*Problem statement*
Transcribe the lines below exactly, beginning with the line that holds "Бистро комплект от" and ending with the final line, both included. Pictures are to be left out.

--- Input material Enclosed Below ---

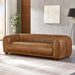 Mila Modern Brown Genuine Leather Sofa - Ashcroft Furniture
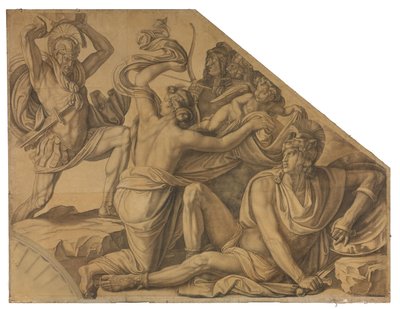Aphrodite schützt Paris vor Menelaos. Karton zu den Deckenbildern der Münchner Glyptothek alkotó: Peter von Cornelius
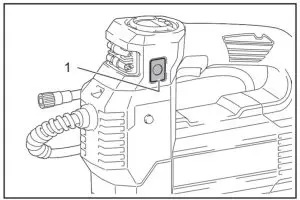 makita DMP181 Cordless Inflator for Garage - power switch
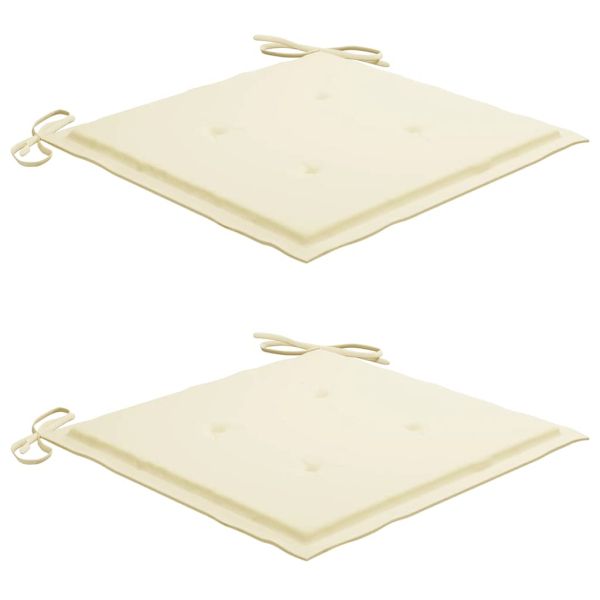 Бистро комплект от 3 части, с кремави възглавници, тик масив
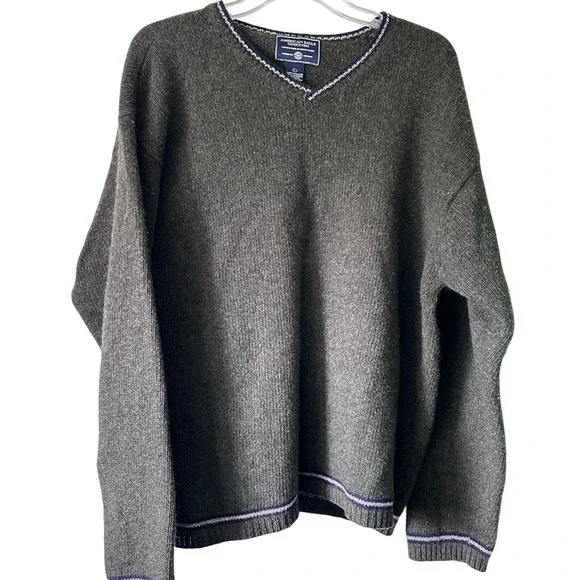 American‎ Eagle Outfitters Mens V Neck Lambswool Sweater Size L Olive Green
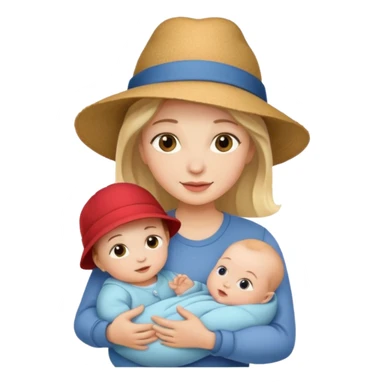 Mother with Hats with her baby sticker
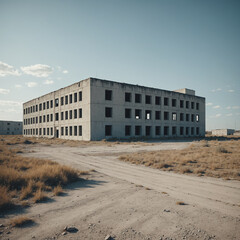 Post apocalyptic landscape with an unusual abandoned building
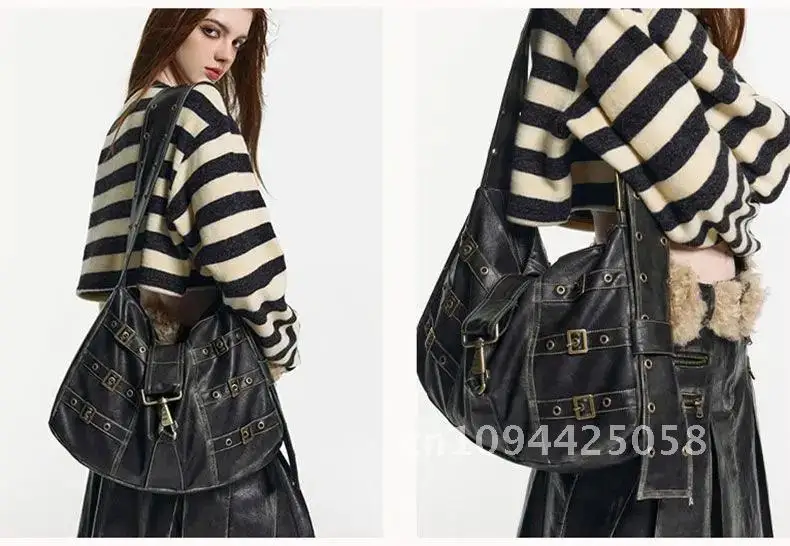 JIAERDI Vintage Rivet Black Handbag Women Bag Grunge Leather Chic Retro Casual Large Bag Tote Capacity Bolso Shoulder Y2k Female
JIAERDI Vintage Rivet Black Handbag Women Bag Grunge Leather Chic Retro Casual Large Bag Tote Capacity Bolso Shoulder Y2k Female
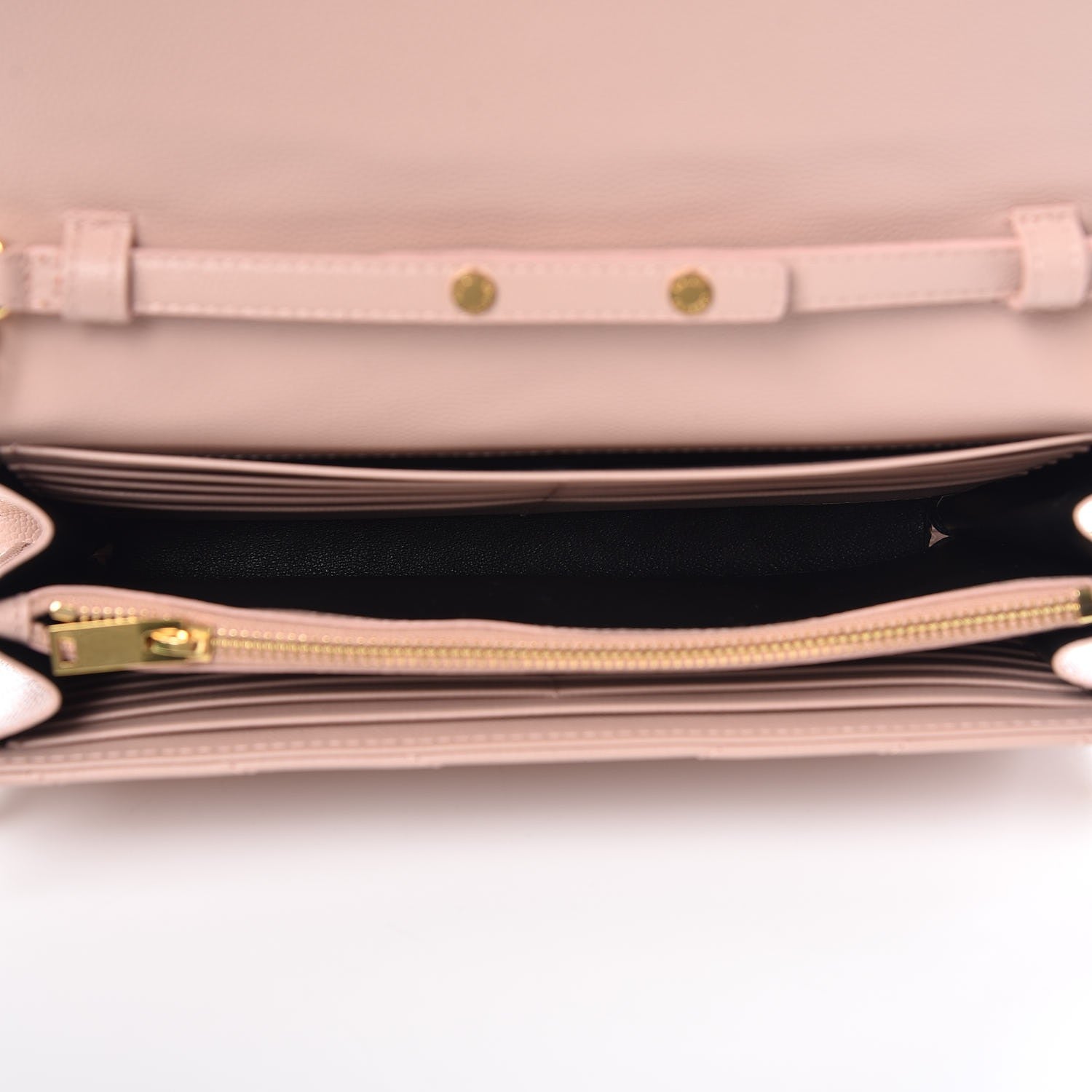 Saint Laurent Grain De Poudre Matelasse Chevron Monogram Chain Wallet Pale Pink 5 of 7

--- End of Enclosed Input material ---

*Answer section*
 Бистро комплект от 3 части, с кремави възглавници, тик масив
 American‎ Eagle Outfitters Mens V Neck Lambswool Sweater Size L Olive Green
 Mother with Hats with her baby sticker
 Post apocalyptic landscape with an unusual abandoned building
 JIAERDI Vintage Rivet Black Handbag Women Bag Grunge Leather Chic Retro Casual Large Bag Tote Capacity Bolso Shoulder Y2k Female
JIAERDI Vintage Rivet Black Handbag Women Bag Grunge Leather Chic Retro Casual Large Bag Tote Capacity Bolso Shoulder Y2k Female
 Saint Laurent Grain De Poudre Matelasse Chevron Monogram Chain Wallet Pale Pink 5 of 7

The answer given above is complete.